# [Your assignment]
Because the pictures are not wanted, give back only the exact text of every entry below.
*** Block opens ***
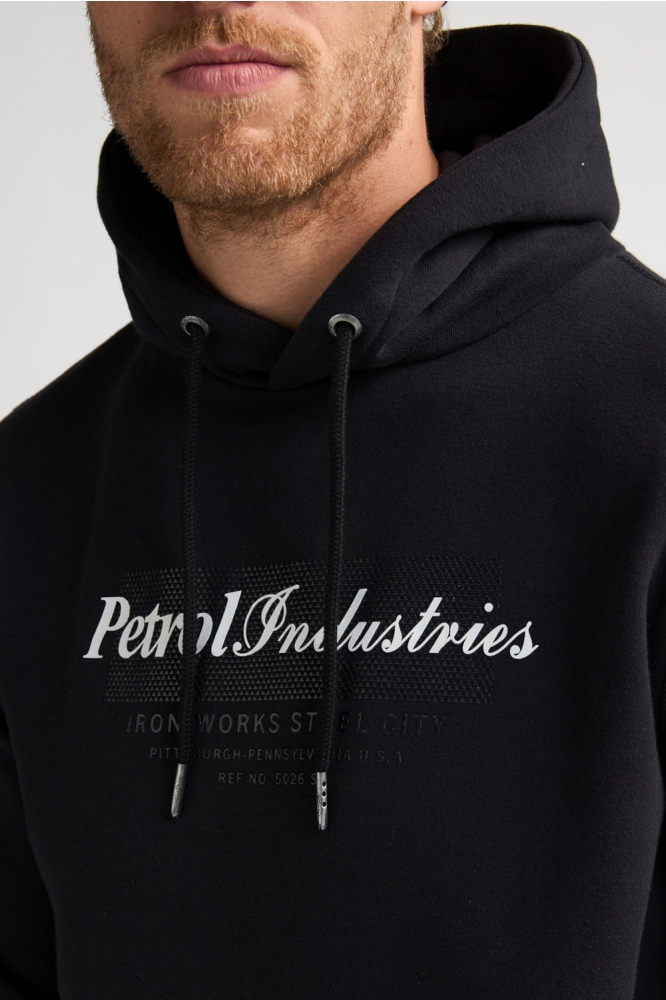 Petrol Industries zwarte heren sweater | Close up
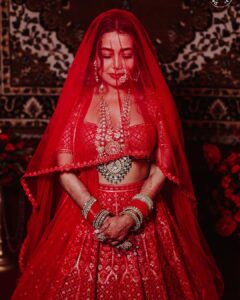 Neha Kakkar Instagram - @rohanpreetsingh ‘s Bride! ♥️♥️😇 

Photography @deepikasdeepclicks 
Wearing @falgunishanepeacockindia
@falgunipeacock @shanepeacock
Jewellery by @archanaaggarwalofficial 
Nath by @merialmariofficial 
Makeup by @vibhagusain
Hair by @deepalid10
Chooda & Kaleera by @omsons_bridal_store bridal_studio 

#NehuPreet #NehuDaVyah 
#falgunishanepeacockindia  #falgunipeacock #shanepeacock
*** Block closes ***
# [Solution]
 Petrol Industries zwarte heren sweater | Close up
 Neha Kakkar Instagram - @rohanpreetsingh ‘s Bride! ♥️♥️😇 

Photography @deepikasdeepclicks 
Wearing @falgunishanepeacockindia
@falgunipeacock @shanepeacock
Jewellery by @archanaaggarwalofficial 
Nath by @merialmariofficial 
Makeup by @vibhagusain
Hair by @deepalid10
Chooda & Kaleera by @omsons_bridal_store bridal_studio 

#NehuPreet #NehuDaVyah 
#falgunishanepeacockindia  #falgunipeacock #shanepeacock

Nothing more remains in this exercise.